> **TASK DETAILS**: From the records below, print exactly the lines starting at the one containing "Used 2024 Toyota" and ending at the one containing "Haus Roseneck-Pension Am", ends included, and nothing else.

[[ PROVIDED DATA, beginning ]]

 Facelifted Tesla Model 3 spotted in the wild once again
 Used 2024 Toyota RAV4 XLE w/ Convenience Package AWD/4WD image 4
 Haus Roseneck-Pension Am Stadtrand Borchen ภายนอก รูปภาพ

[[ PROVIDED DATA, end ]]
[[ PROVIDED DATA, beginning ]]

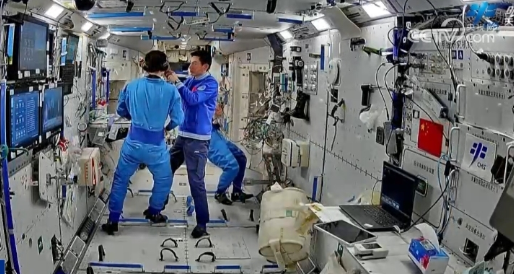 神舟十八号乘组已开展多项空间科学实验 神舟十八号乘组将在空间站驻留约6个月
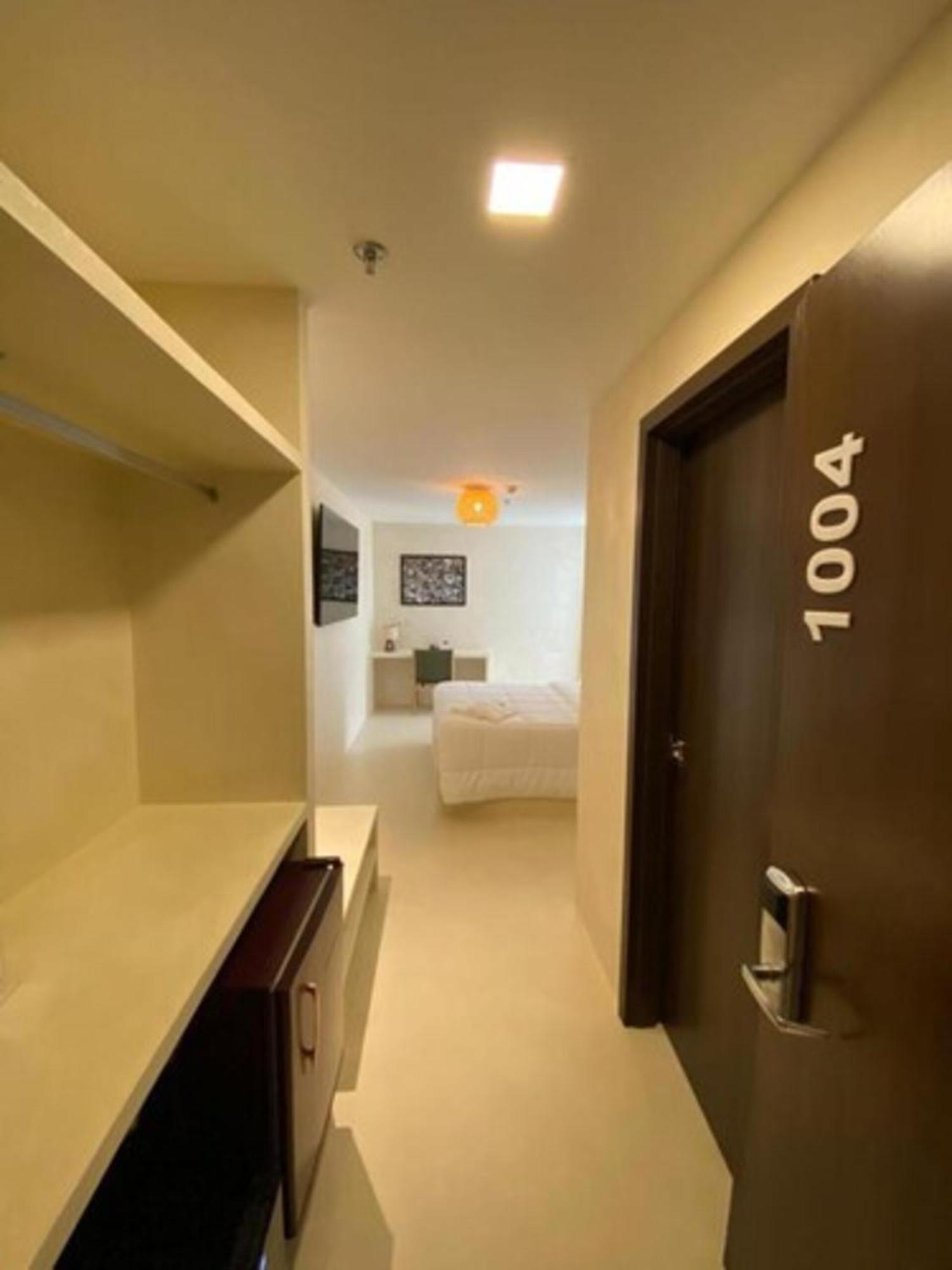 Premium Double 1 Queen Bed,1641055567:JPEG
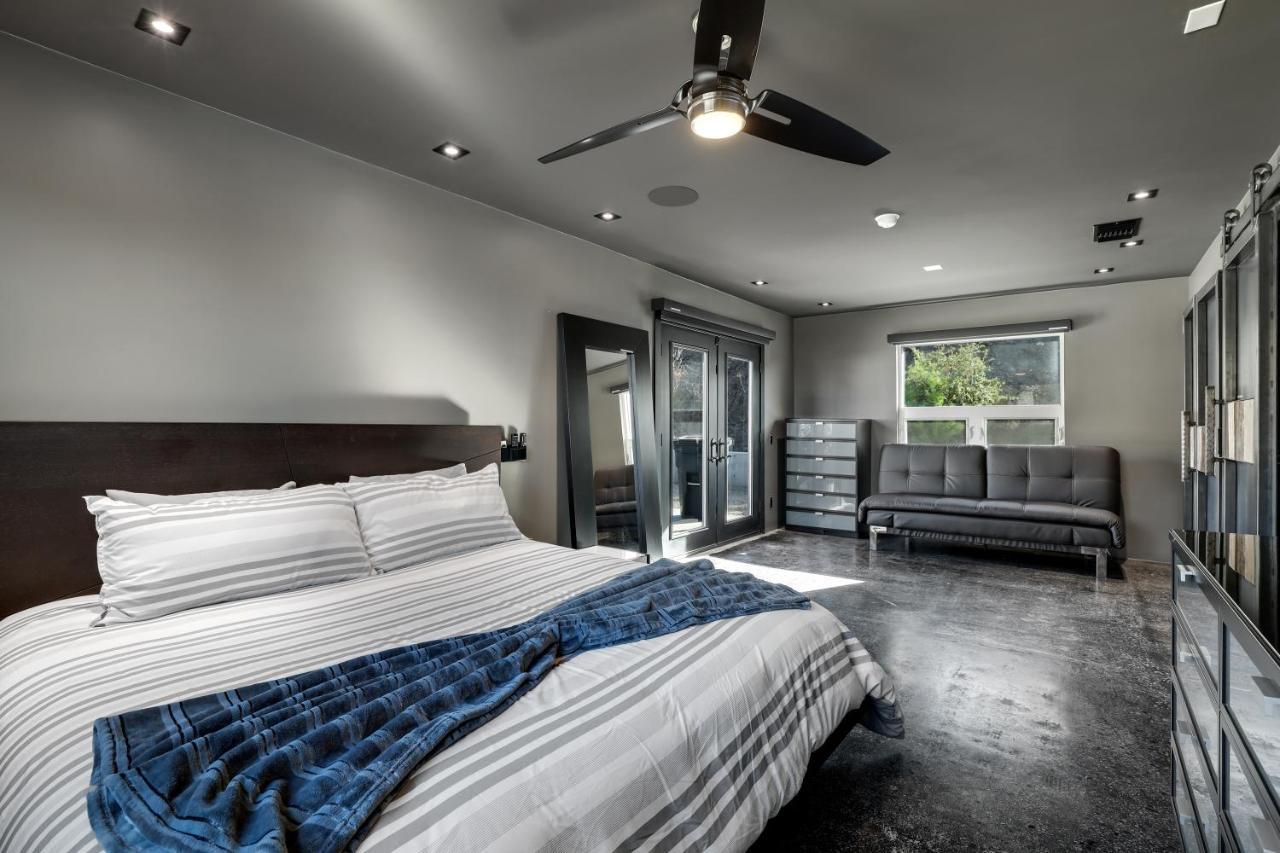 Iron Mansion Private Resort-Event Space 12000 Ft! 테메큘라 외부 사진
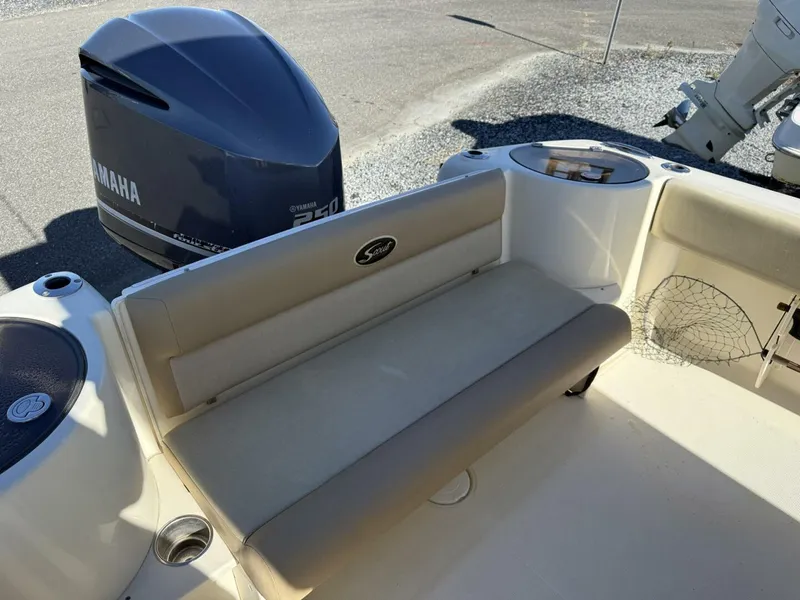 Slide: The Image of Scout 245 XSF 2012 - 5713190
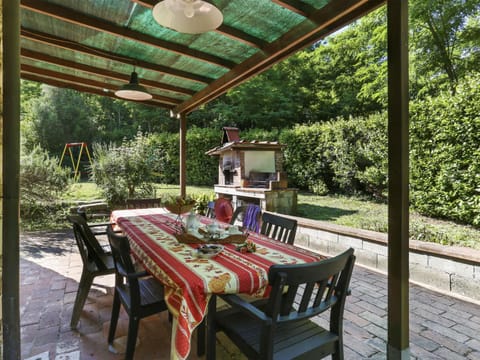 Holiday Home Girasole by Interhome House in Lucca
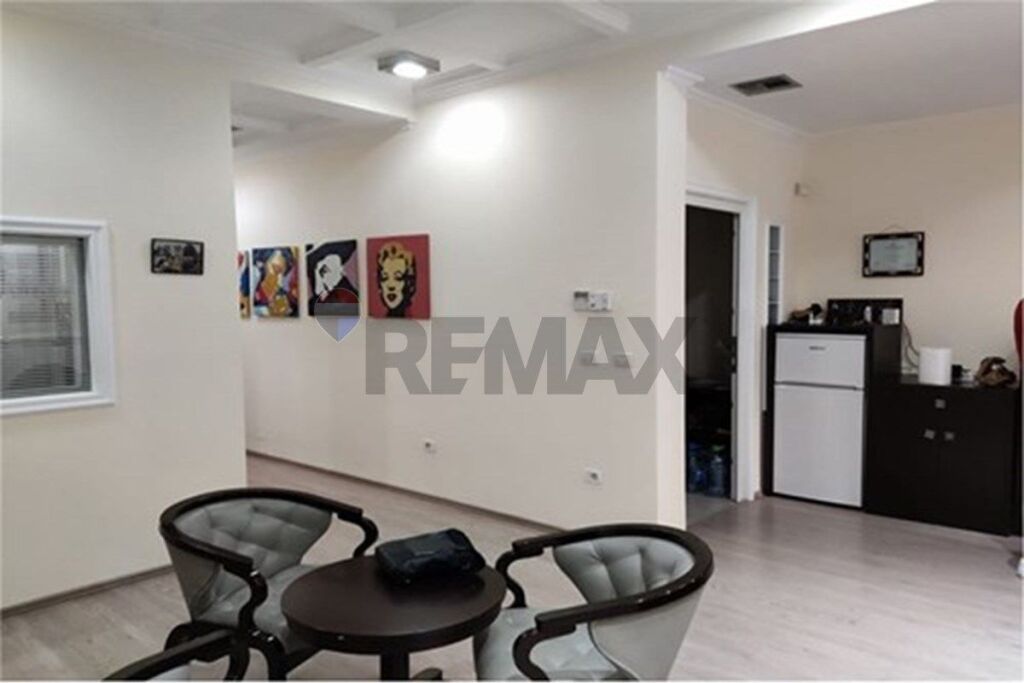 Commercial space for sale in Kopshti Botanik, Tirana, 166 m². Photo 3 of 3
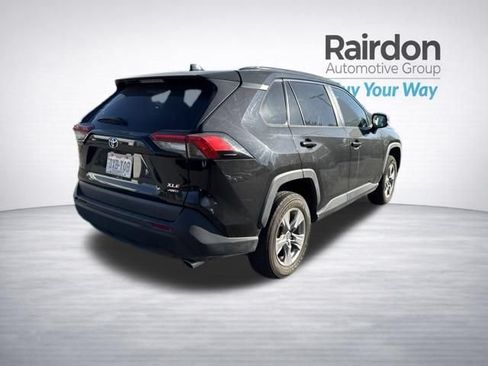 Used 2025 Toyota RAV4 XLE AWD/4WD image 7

[[ PROVIDED DATA, end ]]

> **SOLUTION TO THE EXERCISE**:
 Used 2024 Toyota RAV4 XLE w/ Convenience Package AWD/4WD image 4
 Haus Roseneck-Pension Am Stadtrand Borchen ภายนอก รูปภาพ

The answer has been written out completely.